BP is an autoimmune blistering disorder, with formation of autoantibodies against hemidesmosomal plaque, that is, non-collagenous zone (NC16A) of transmembrane protein BP180. Various trigger factors have been reported in literature, including UV radiation, drugs, trauma, radiotherapy and burns. When a genetically predisposed individual is exposed to a trigger, it leads to revelation of BP180 antigen generating an immune response mediated through B lymphocytes leading to production of autoantibodies to the same. These antibodies lead to activation of complement pathway causing the release of protease resulting in subepidermal cleavage. Various vaccines have been implicated to trigger bullous pemphigoid, including diphtheria, pertussis, polio, haemophilus influenza B, pneumococcus and swine flu vaccine [Table 1]. The time period of onset of lesions after the administration of vaccine varied from less than 1 day to 1 month., The mechanism for induction of bullous pemphigoid in response to vaccine is not very well understood. It has been proposed that bullous pemphigoid might be triggered in some genetically predisposed individuals after exposure to live attenuated vaccine which heightens the immune response. The main mechanism through which vaccines especially inactivated vaccines provide immunity is humoral pathway, that is, by stimulation of B lymphocytes leading to production of antibodies. Rabies vaccine has also been reported to trigger pemphigus. As both are antibody mediated, this heightened immune response may be responsible for precipitating bullous pemphigoid also.
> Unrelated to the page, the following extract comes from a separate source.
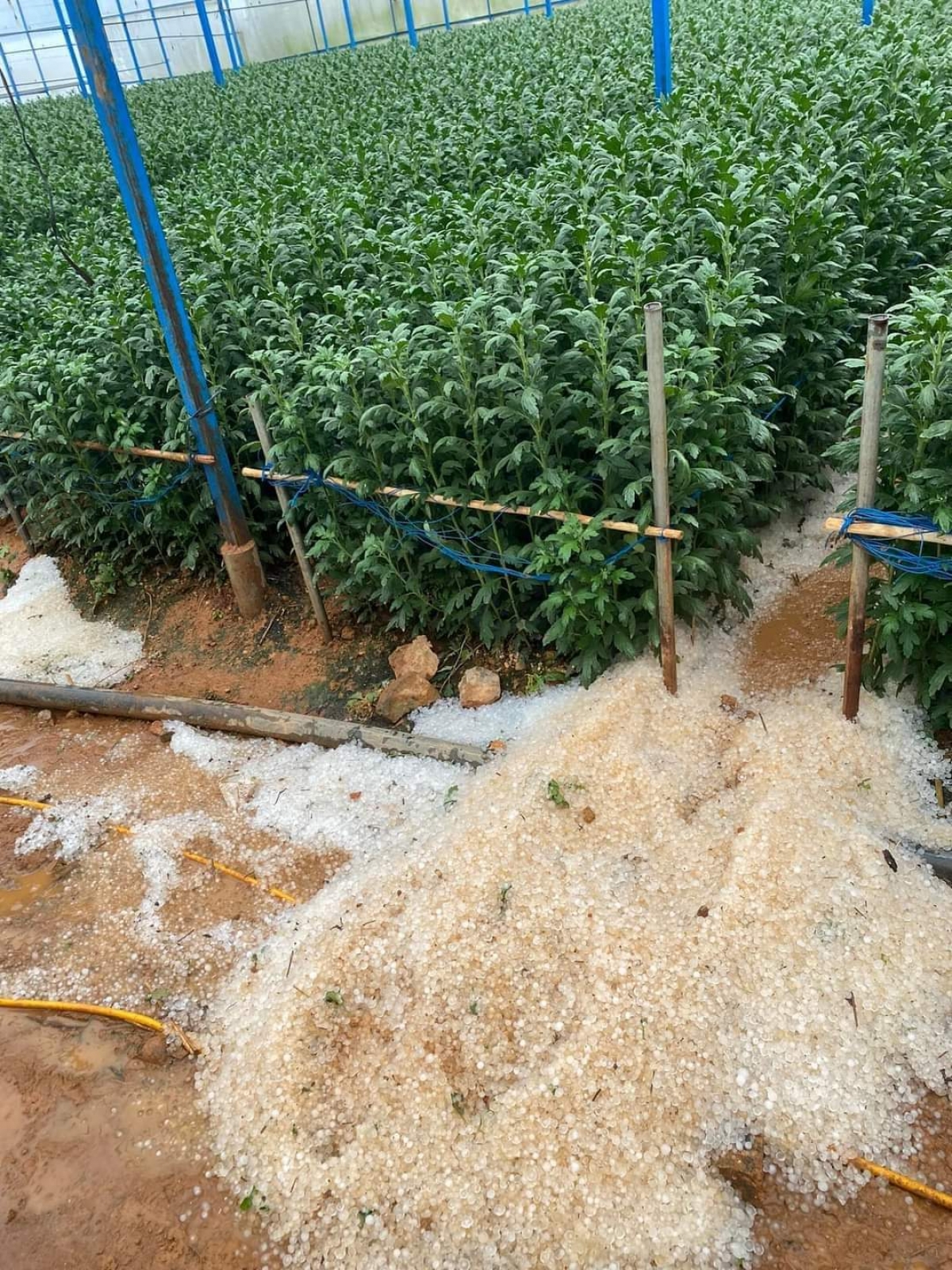 

Kong mêi príu tơkŭm hên tung hngêi nhĕng pêt mơjiâng tơmeăm pêi lo ing chiâk deăng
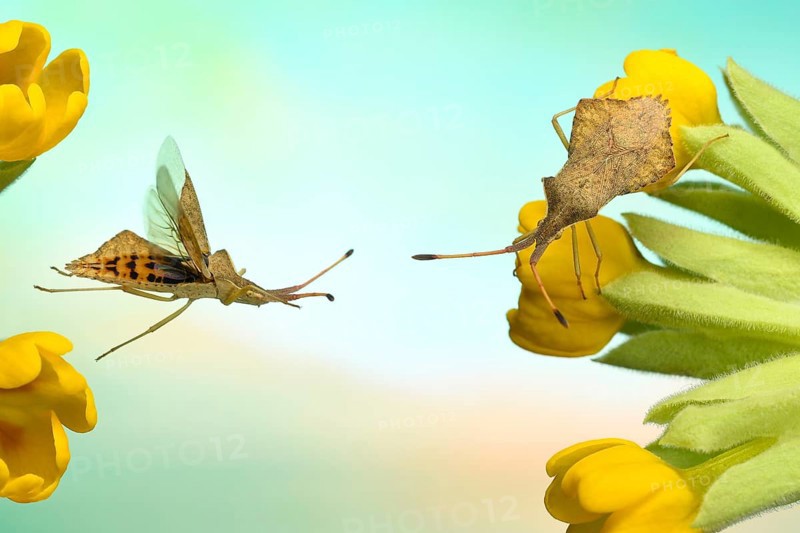 Rhomb bug (Syromastus rhombeus) on the flower of a (Primula veris)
Our patient presented to us within 6 days of administration of first dose of rabies vaccine when she started developing blisters. The onset of lesions was near the site of vaccination which then involved trunk and limbs. Readministration of rabies vaccine leading to reemergence of blisters after initial control with oral steroids was a confirmation to the association of rabies vaccine and bullous pemphigoid.
This is perhaps the first case report of rabies vaccine leading to bullous pemphigoid.
Declaration of patient consent
The authors certify that they have obtained all appropriate patient consent forms. In the form, the patient has given her consent for her images and other clinical information to be reported in the journal. The patient understands that name and initials will not be published and due efforts will be made to conceal identity, but anonymity cannot be guaranteed.
Financial support and sponsorship
Conflicts of interest
There are no conflicts of interest.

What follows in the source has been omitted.